On the basis of the foregoing, we conclude that the SO properly considered the potential collectibility from Mr. Frese to determine the estate's RCP calculation.8 Because it was proper for the RCP calculation to include Mr. Frese's potential liability under the FPS by reason of the February 2007 distribution, which exceeds the outstanding estate tax liability, we find it unnecessary to also address the liability of, and potential collection against, the beneficiaries for purposes of the estate's RCP computation.

IV. Verification

The estate alleges that the SO failed to properly verify that all applicable laws and regulations were followed before issuing the notice of determination. The SO's report explicitly states that the SO confirmed that all applicable laws and procedures were followed in the estate's case. The estate argues that the SO was required to independently investigate the amounts, if any, actually collectible from third parties, including an “evaluation of the hazards of litigation” and an analysis of the current financial status of such persons. The estate cites no rule mandating [*17] or suggesting that the SO should have taken such exhaustive action as it related to Mr. Frese's potential collection amount. Although the estate may disagree with this policy, we do not find it or the SO's actions in this case arbitrary or capricious under the circumstances, especially where the record shows that the SO acted diligently in considering the estate's concerns by consulting with respondent's Collection Division and Office of Chief Counsel in reaching his conclusion.
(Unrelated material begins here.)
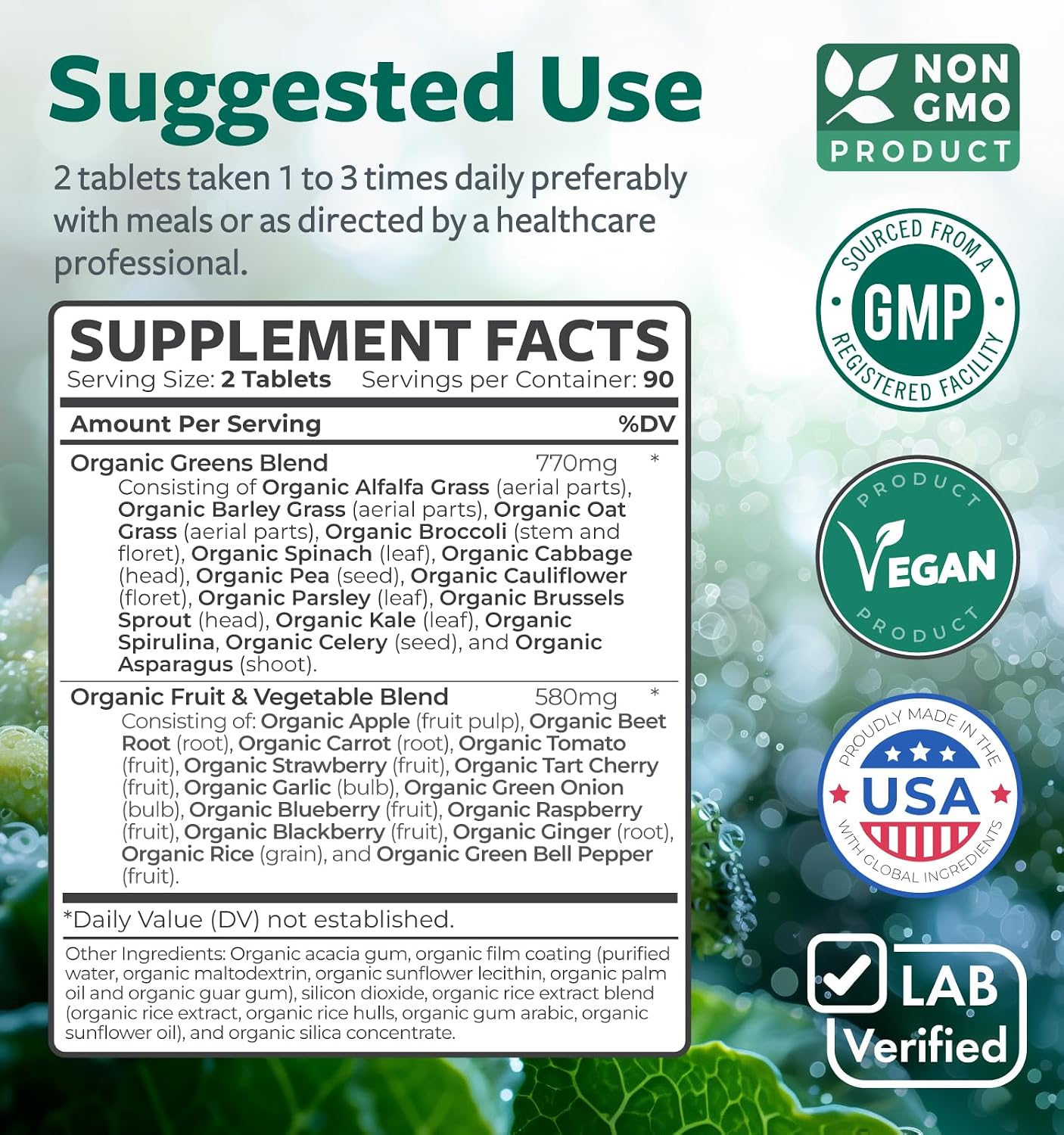 USDA Organic Super Greens Supplement - Organic Greens Fruits and Vegetable Supplement for Adults with 28 Superfood Complex with Superfruits Roots Herbs & More - Vegan & Non-GMO (Up to 3 Month Supply) - PrimeBioHealth - canada supplements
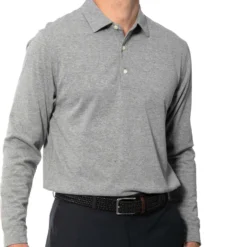 Dunning Men's Vance Natural Hand Long Sleeve Golf Polo Grey Heather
In summary we do not find the SO's decision to reject the estate's OIC and sustain respondent's lien action to have been undertaken in an arbitrary manner or made without a sound basis in fact or law. We will accordingly grant summary judgment in respondent's favor.

To reflect the foregoing,

An appropriate order and decision will be entered.

FOOTNOTES

1Unless otherwise noted, all section references are to the Internal Revenue Code (Code) in effect at all relevant times, all Rule references are to the Tax Court Rules of Practice and Procedure, and all dollar amounts are rounded to the nearest dollar.

2The unpaid tax with interest totaled $484,948 as of September 14, 2020. In objecting to the motion, the estate stated that this amount should be reduced by certain interest and fees that the estate intends to submit to respondent in the future and which the estate argues should have been considered by respondent in the evaluation of its offer-in-compromise. The estate did not specifically raise this argument in the petition; therefore, we do not consider it in deciding this case. See Rule 331(b)(4); McLaine v. Commissioner, 138 T.C. 228, 244 (2012).

3This office is now referred to as the “Independent Office of Appeals”. Taxpayer First Act, Pub. L. No. 116-25, sec. 1001, 133 Stat. at 983 (2019).

4The parties agreed to put the CDP case in suspense to allow the estate and the U.S. Department of Justice time to explore a global settlement (which included a refund claim filed by the estate of decedent's spouse) and the estate to file an appeal of the 2010 decision with the U.S. Court of Appeals for the Third Circuit.

5The amount of the February 2007 distribution exceeded the estate's unpaid estate tax liability; therefore we do not need to address the other distributions by Mr. Frese.

6The estate points out that we found the estate not liable for an addition to tax for untimely filing in Estate of Lee v. Commissioner, T.C. Memo. 2009-84, because Mr. Frese reasonably relied upon the estate's attorney in filing the estate's tax return. That case neither concerned nor considered advice given by the estate's attorney (or any other adviser) as it related to Mr. Frese's distributions of estate assets.

7We express no opinion as to whether a claim under the FPS is a “contract” for purposes of 28 U.S.C. sec. 2415(a), as we find the statute expressly removes actions brought under the Code as discussed infra.

8The fact that respondent has not assessed or pursued collection against Mr. Frese to date has no bearing on this finding.